Actually, it doesn’t bother me. Well, not that much, anyway. I’ve sat a row ahead of many a screaming child on airplanes going much farther than the Red Line. You have to forgive a baby. By definition, they don’t know any better. They have no idea how close they come to making the working stiffs on the train break a window to jump into the dark tunnel and onto the tracks.

What really gets me are the adults. The adults who should know how to behave, and yet don’t.


Like the woman in front of me on the platform tonight. Actually, she was in front of me and a whole herd of other luckless commuters. The train pulls into the station and it happens to stop in such a position that a set of doors is right in front of this woman. I mean, a mouse couldn’t have gotten by her. So, when the doors open, and she doesn’t move, as in, board the train, I’m thinking, what’s the holdup here?

Oh, of course, she’s reading her phone! A text message has just come in, or perhaps an engrossing e-mail. And all of us passengers situated behind here, who have trekked through the wind tunnels of downtown to reach South Station, now so intent on settling in to the next leg of our journeys to home and hearth, are stymied behind her. Seeing the doors open, and no one come out, I advanced, nearly bumping into this woman, until I realized she was not moving. At that point, I passed her on the right, like a power forward going in for two points.

I did not look back to see if she ever made it onto the train. I assume she inched her way in eventually. And I realize I’m no one to be judging her. Perhaps a beloved aunt had passed away, or perhaps her boyfriend was breaking up with her via text. She might have had good reason to pause to read the message and hold up the parade home. But somehow I doubt it.

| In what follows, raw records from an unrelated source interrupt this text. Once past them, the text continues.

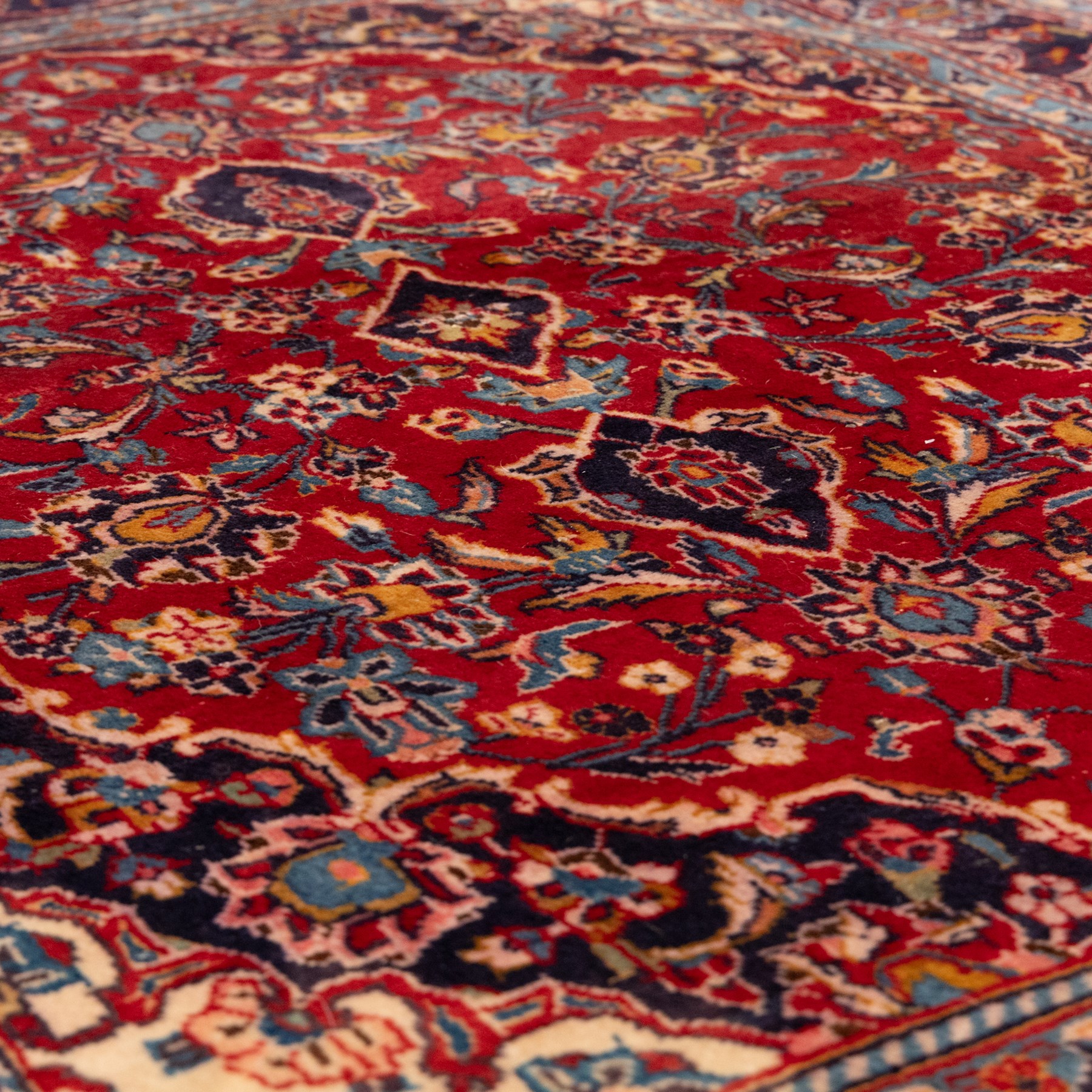 Two Persian rugs, the larger with a crimson field decorated with three linked indigo medallions amongst flowering tendrils, shaped floral spandrels and an indigo palmette border, (161cm x 129cm), the smaller with a crimson field centred by an ivory rosette amongst stylised flowering plants, within a dark floral border, (114cm x 79cm) (2)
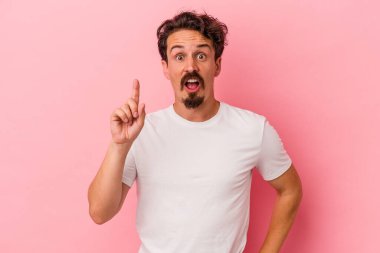Pembe arka planda soyutlanmış genç beyaz bir adamın bir fikri var, ilham verici bir kavram..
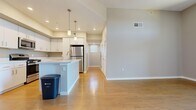 This thoughtfully designed 1-bedroom, 1-bathroom unit offers a comfortable and functional single-floor layout. The open-concept living and kitchen area is anchored by a central island with pendant lighting overhead, complemented by crisp white cabinetry, stainless steel appliances — including a refrigerator, range, and microwave — and a clean, modern aesthetic throughout. Hardwood-style flooring runs through the main living spaces, reflecting natural light and adding warmth to the interior. The living area is bright and open, featuring a ceiling fan, sliding glass doors, and a transom window above that floods the space with natural light and provides access to a private balcony with pleasant outdoor views. A hallway with built-in storage connects the main living area to the private quarters. The bedroom offers plush carpeting, a large window with blinds, and a sliding-door closet with double hanging rods for ample storage. The full bathroom is finished with a white vanity, tile-surround tub and shower combination, and hardwood-style flooring, with a small window allowing in natural light. The unit's neutral color palette and clean finishes create a bright, move-in-ready environment throughout.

So much has already been written and said about the dangers of people addicted to their smartphones. This is just one more example of someone not able to be alone with her thoughts, even for the three minutes it took for the train to arrive. Time is too precious, the messages too many, the information flowing incessantly. Who am I to judge? At least she wasn't driving the train, and we all made it to Davis Square safely. What happened after that is anyone's guess.